Estímulos à insegurança
Não faltam, porém, estímulos reais à insegurança. Na região da Grande São Paulo, uma pessoa é morta por hora. O fator de difusão de insegurança não está, essencialmente, aí. Apenas uma ínfima minoria da população é assassinada.
Por dia, são 303 vítimas de furto; 240 roubos (furto com arma). Ladrões levam por hora 13 veículos. São, portanto, milhares de pessoas que contam para dezenas de pessoas todos os dias algum tipo de agressão que sofreram. É uma gigantesca antipropaganda boca-a-boca.
Ao final do ano, os milhares são milhões de vítimas, contando para os milhões de amigos, familiares ou colegas de trabalho. Agrega-se à cota de lembrança de crimes do passado. É, assim, um assunto permanente de toda a cidade, destruindo a imagem da polícia, reforçando o pânico e, muitas vezes, a histeria.

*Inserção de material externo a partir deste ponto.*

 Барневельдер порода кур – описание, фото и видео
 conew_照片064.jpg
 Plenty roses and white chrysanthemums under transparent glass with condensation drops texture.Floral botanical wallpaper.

É algo semelhante a acidente de avião, estatisticamente o mais seguro e confiável meio de transporte. Dá mais medo à maioria das pessoas do que pegar ônibus ou viajar de carro.
Levantamento do DataFolha informa que 61% dos paulistanos têm medo de ser atingidos por uma bala perdida -o que estatisticamente é remoto. "Ninguém mais sabe o que é real ou histeria", afirma Oscar Vieira, que dirige o Ilanud, entidade da ONU para prevenção da violência.